As fiduciaries, advisors such as Jolly have little to worry about with regulations. Independent insurance agents, however, are back in selling mode after a worrisome few years waiting out federal attempts to make them quasi-fiduciaries.
Now that the Department of Labor fiduciary rule is history, legal analysts say agents can sell products out of rollover dollars with few worries.
The main issue is one that has been there since federal retirement plan legislation was enacted in 1974. If the product sale turns into ongoing advice, the agent could meet the fiduciary standard, explained Bruce Ashton, a partner with Drinker Biddle & Reath law firm.
“Even if the agent somehow worked with the plan on a regular basis, the recommendation to an individual participant might or might not be considered a fiduciary recommendation based on facts and circumstances,” he added.
The agent would have to be concerned with Internal Revenue Code prohibited transaction rules under this scenario, Ashton said, but only the IRS can enforce those rules.
“The risk is slight of the individual making a claim for a violation of those prohibitions,” he said.
Growth Will Continue
The baby boomers’ march toward retirement, along with ever-shrinking pensions, virtually ensures that IRA rollovers will continue growing no matter what happens with ongoing regulation efforts, analysts say.
According to recently updated LIMRA Secure Retirement Institute data, the total traditional IRA rollover market will grow steadily in the next five years, exceeding $500 billion by 2021.
“This is part of a very, very big market that we call ‘money in motion,’” said Jafor Iqbal, assistant vice president, LIMRA SRI.
LIMRA adjusted its forecasts with its most-recent data, which is coordinated with the Investment Company Institute.
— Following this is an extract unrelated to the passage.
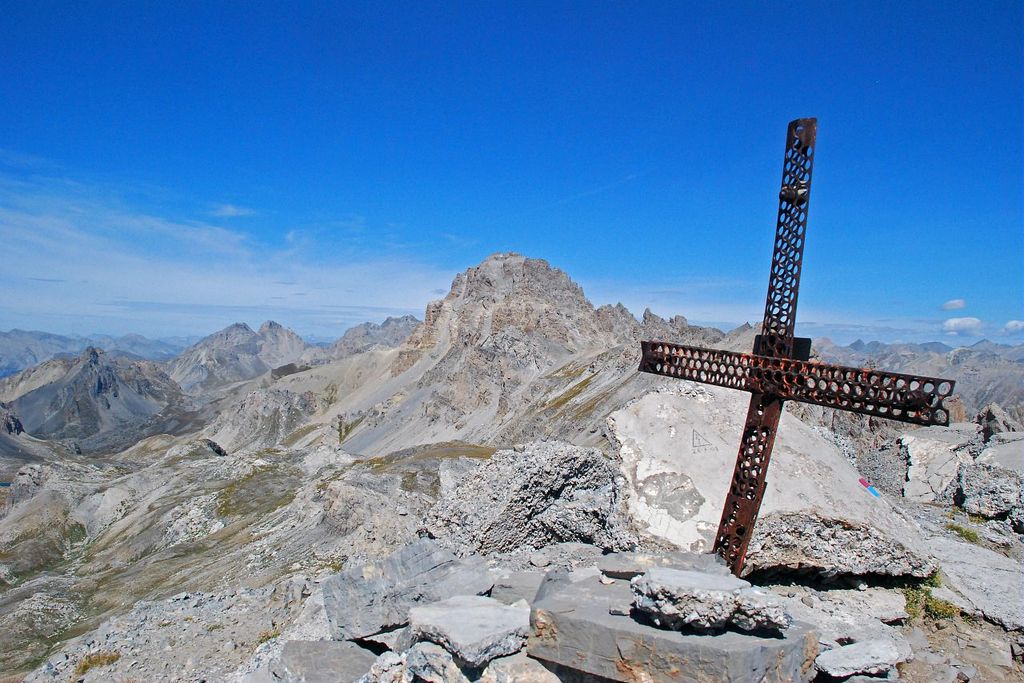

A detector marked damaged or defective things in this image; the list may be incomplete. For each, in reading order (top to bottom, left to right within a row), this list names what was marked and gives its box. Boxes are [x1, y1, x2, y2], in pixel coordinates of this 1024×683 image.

Just a few years ago, researchers predicted a soaring rollover market would hit $550 billion by 2018.
Then the market received some negative pressures — in particular, the Department of Labor fiduciary rule. The rule had a chilling effect across the industry.
New forecasts are still good and call for a $466 billion rollover market in 2019.
The intense interest in the market is a natural free-market marriage to Jolly.
“Why do financial advisors focus so much on rollovers? Because that’s where the money is.”
Holistic planning continues to evolve into rollover retirement planning conversations. Jolly often lists options and realities, and lets the client determine what they want to do. Take long-term care, for example.
Insurers are constantly developing new LTCi riders that combine the planning value of a life insurance or annuity product with the need for long-term care protection.
“What I say to clients all the time is ‘It doesn’t matter to me if you have a standalone long-term care policy, or a hybrid long-term care policy,’ or you strategically decided ‘Hey we’ve got enough money over here in this bucket to earmark this as our long-term care fund,’” Jolly said. “Doesn’t matter to me what you do, it just matters a lot that you’ve addressed it.”
Because there is so much rollover money at stake, and consumers are better educated and have “numerous choices,” Thomas Rindahl said it is forcing financial advisors to prove their worth.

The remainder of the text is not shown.